• Instructions to follow
Leave the pictures out. Retype exactly the lines below from the one containing "POP Nail Polish and Stickers Set multi" through the one containing "Pack Of 10 Sublimation", and no others.

• Data for analysis
%%

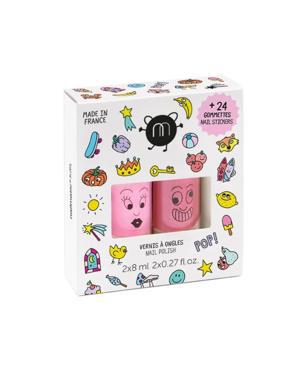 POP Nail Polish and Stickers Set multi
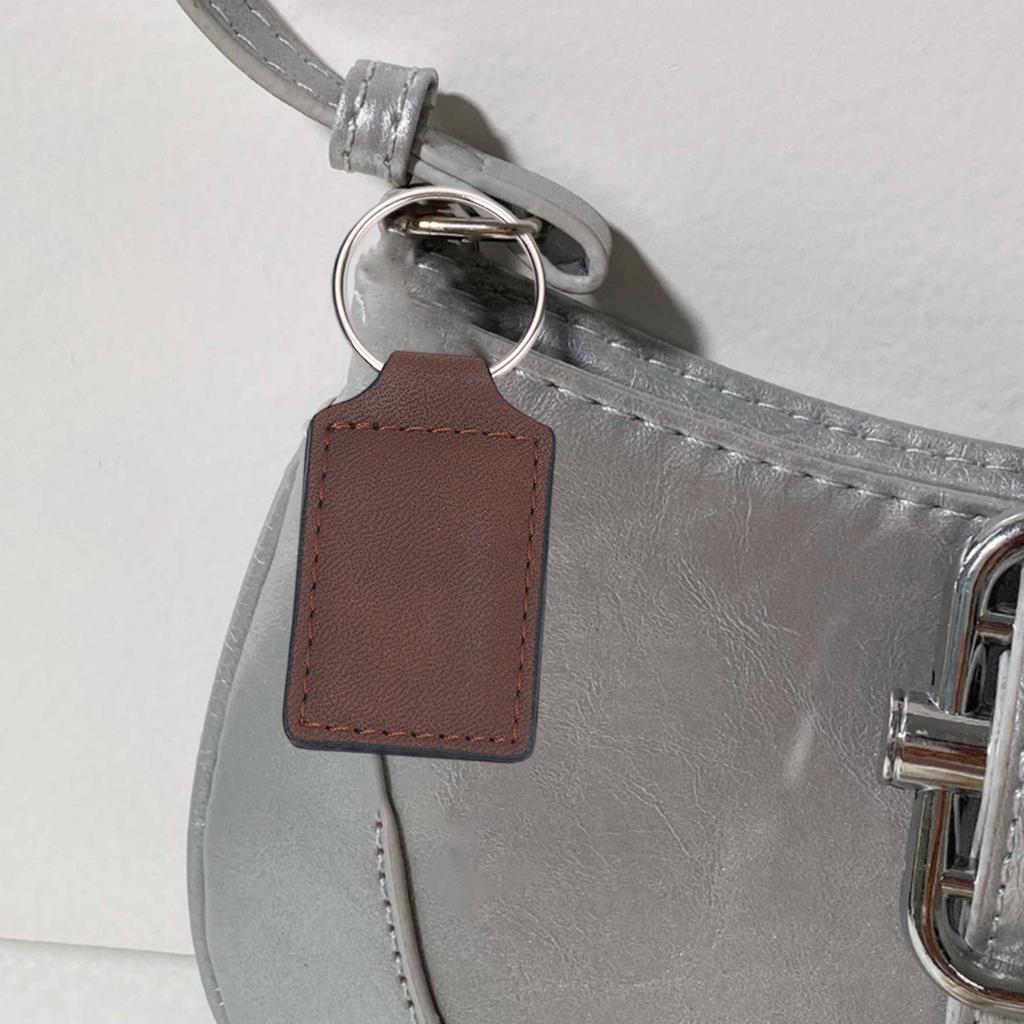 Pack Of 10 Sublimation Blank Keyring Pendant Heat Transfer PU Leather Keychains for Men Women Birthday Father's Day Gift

%%
%%

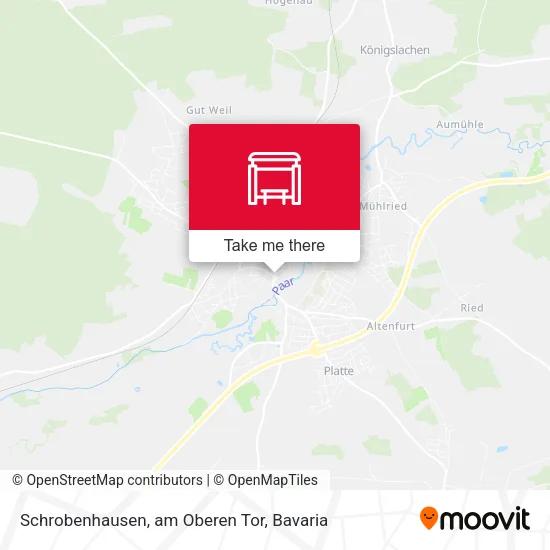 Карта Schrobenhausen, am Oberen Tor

%%

• Answer for this exercise
 POP Nail Polish and Stickers Set multi
 Pack Of 10 Sublimation Blank Keyring Pendant Heat Transfer PU Leather Keychains for Men Women Birthday Father's Day Gift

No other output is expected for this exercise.